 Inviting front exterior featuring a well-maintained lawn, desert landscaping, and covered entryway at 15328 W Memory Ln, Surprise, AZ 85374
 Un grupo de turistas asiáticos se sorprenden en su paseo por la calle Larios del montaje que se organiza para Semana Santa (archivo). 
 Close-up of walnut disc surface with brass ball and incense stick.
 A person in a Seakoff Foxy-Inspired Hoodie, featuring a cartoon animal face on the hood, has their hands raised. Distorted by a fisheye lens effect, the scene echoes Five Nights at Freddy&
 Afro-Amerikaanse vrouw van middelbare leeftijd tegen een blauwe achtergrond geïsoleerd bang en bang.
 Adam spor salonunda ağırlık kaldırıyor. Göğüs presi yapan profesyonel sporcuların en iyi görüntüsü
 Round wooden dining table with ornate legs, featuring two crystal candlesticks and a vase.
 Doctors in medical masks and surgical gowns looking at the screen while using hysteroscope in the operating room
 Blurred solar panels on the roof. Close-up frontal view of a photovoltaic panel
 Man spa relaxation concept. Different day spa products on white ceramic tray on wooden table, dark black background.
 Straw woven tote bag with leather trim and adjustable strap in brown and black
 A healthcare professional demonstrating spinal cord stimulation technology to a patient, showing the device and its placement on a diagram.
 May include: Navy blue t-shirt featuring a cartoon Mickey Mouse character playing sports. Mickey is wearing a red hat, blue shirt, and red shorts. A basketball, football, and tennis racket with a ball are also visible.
########
### WHAT YOU ARE ASKED TO DO
Read through the entries, then copy every line where the string "wooden" is found.

### TASK RESPONSE
 Round wooden dining table with ornate legs, featuring two crystal candlesticks and a vase.
 Man spa relaxation concept. Different day spa products on white ceramic tray on wooden table, dark black background.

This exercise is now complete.